強いわが子に勝てない父親の寂しさ
手数のかかる穴熊戦法の陣形をコツコツ組み立てる少女。将棋の純文学ともいわれる櫓(やぐら)戦法で戦う少年。複雑なゲームを、こんな小さい子がと感心するが、初心者同士なのか緊張しているのか、空き王手になったことを互いに気づかずに指し進むような対局もあって、ちょっとホッとする。
子どもたちの対局を邪魔しないよう、床には対局者以外立ち入り禁止のテープが貼られ、その外側からわが子の対局姿を撮影する保護者たち。アドバイスはもちろん、声援もできないが、真剣な顔もあれば、微笑みながらと保護者の表情もさまざまだ。
「負けました」「参りました」と敗者が頭を下げ、勝者も礼を返し対戦が終わる。「3連敗だ~~」とひょうきんに振る舞う子もいれば、保護者のもとへ駆け寄って泣きじゃくっている子も。勝ってガッツポーズをする子もいるかなと思ったが見当たらない。
トーナメントに進めなかった子も楽しめるように、会場には「誰とでも何回でもさせる」自由対局コーナー、指導対局コーナー、詰め将棋クイズなども用意されている。また、プロ棋士のすごさを目の当たりにできる「目隠し詰め将棋」など、1日将棋を楽しめるプログラムで盛りだくさんな大会。

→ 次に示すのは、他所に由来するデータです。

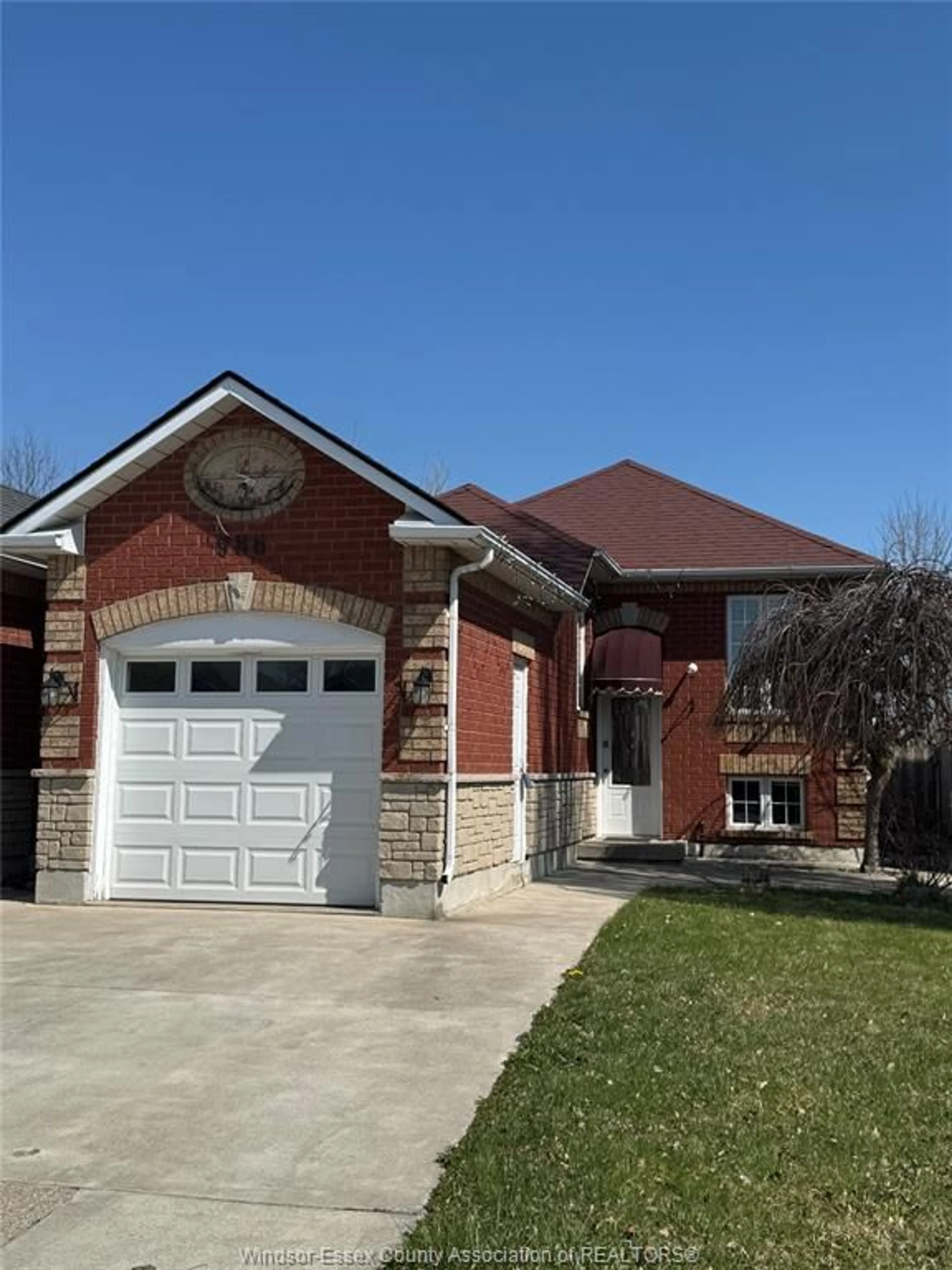 Home with brick exterior material, street for 986 LEMONWOOD Cres, Windsor Ontario N9G 2E7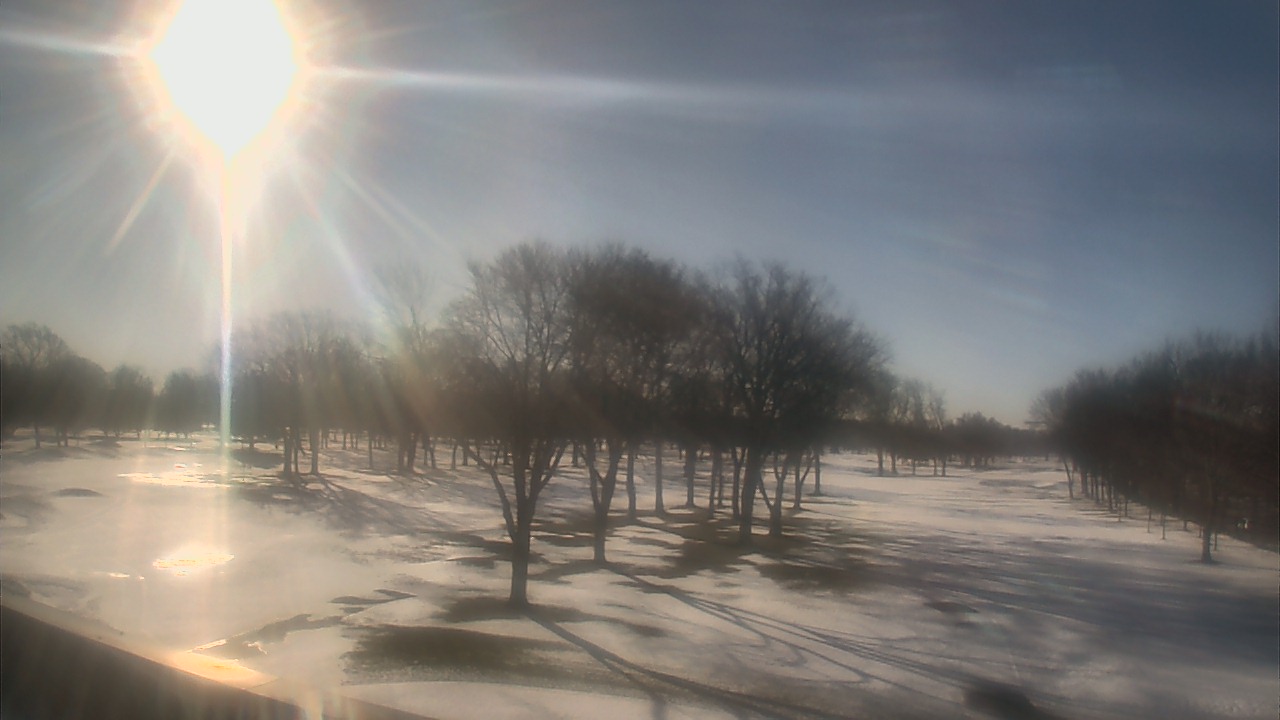 Thumbnail for current weather camera view from Beach Grove Golf and Country Club in Tecumseh, Ontario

トーナメントを勝ち上がり決勝まで進むと、対局する2人は羽織袴を着て舞台上にあがる。しかも一手指すごとに女流棋士が棋譜を読み上げ、舞台横ではプロ棋士による大盤解説がはいる。まるで、プロ棋士になったような気分が味わえるのだ。
北陸・信越大会の低学年部門の決勝を戦ったのは橋本千時(ちゆき)くん(富山市立大広田小学校3年)と日下克紀くん(富山市立柳町小学校2年)。高学年部門の決勝は高橋憲太朗くん(津幡町立中条小学校6年)と佐藤漣くん(金沢市立三馬小学校5年)。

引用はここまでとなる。